I love making hooded baby towels as gifts. Sometimes I make a washcloth to go with it. Ri also enjoys working with me to make baby gifts. She's done bibs and washclothes. We usually make it a joint project so we can give a couple of things for the new baby.

This is a set we made for my cousin.
Ri did the cross stitch for the bib,
and for the washcloth.
I did this cross stitch and the sewing. The blue border stitching was done on the machine. I thought it needed a little something more to pull it all together.
This is one I just finished recently for some long-time friends.
These little elephants were just too cute.
Not wanting to border this in plain white bias tape, and being unable to fine any that had a pattern (not counting the expensive ones I found online), I decided to try my hand at making my own. You may be unable to tell from the picture, but the green has tiny dots on it, to match the polka dot umbrella. 
Ri made this bib for them.
She found the pattern for the boy and girl ducks, but they were just single patterns. Since she wanted to fill the space, she worked out the spacing for the repeat and then added the pull string. I think she did a great job.
One of the first projects I gave to my sewing class was a receiving blanket. This is one of the two I made as an example. I decide to add it in with the other two items. I'll keep the other for a future gift.

I have to admit that I really dislike the modern way of giving gifts for baby showers. You are told where the mother-to-be is registered, you go to the store, and you get a print out, often several pages long, which details exactly what the mom wants. There is absolutely no room for individuality from the giver. And trust me, I've seen some of the most ridiculous items listed on those things. It seems as though she walked through the store scanning every little thing that caught her eye, without really thinking about what would or wouldn't work, what might really be needed, or whether or not she would even get to use all of the twenty five dressy outfits she picked out in the 0-3mo. size before the baby grew out of them (she won't). It's a great way for the store to make money, but it's definately not the most practical for the parents, who will end up running out to the store 85 times during the first month in order to buy all the things they found out they really needed.

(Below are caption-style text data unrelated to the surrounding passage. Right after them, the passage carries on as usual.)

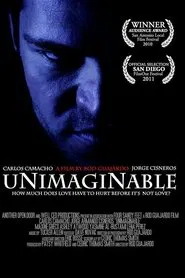 Poster do filme Unimaginable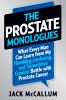 The_prostate_monologues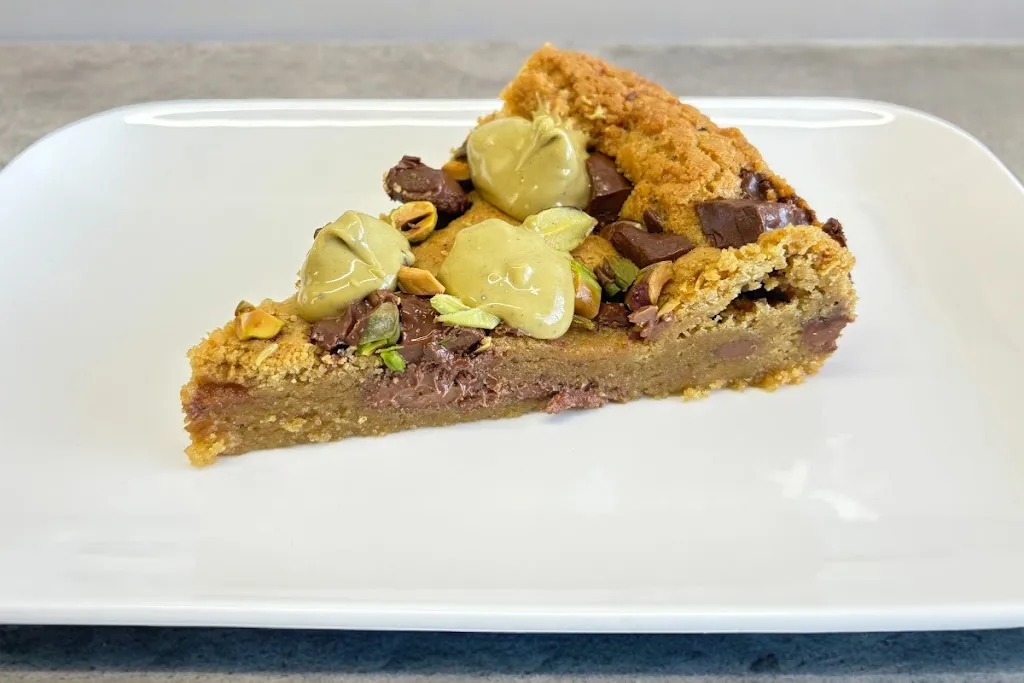 Menu_NY SLICE_Marseille_image_7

In protest, I decided several years ago to make baby gifts, unless it was for an expirenced mom whose list looks something like this: Diapers, wipes, tee-shirts, and more diapers. It gives them something special and keeps me out of Babies-R-Us, which is best for everyone. Just ask my kids - they've protested ever having to go with me again to shop from one of those registers. On the bright side, they did say that the last time it happened a young mother started following me around the store, taking things out of her buggy and putting in things that I was picking up. Maybe I helped convert one young, inexperienced mom. Don't ask me how this woman knew I disapproved of the choices she'd previously made. I never spoke to her and wouldn't have known what she had done if the kids didn't tell me while they were expressing the desire to never again set foot in the store. Suffice it to say, sometimes kids embarass their parents when they are out in public, and sometimes the shoe is on the other foot. Not that I intended to embarass them - I was just a triffle put out with the whole expirence; the list really was absurd. And for the record girls, I wasn't all that loud.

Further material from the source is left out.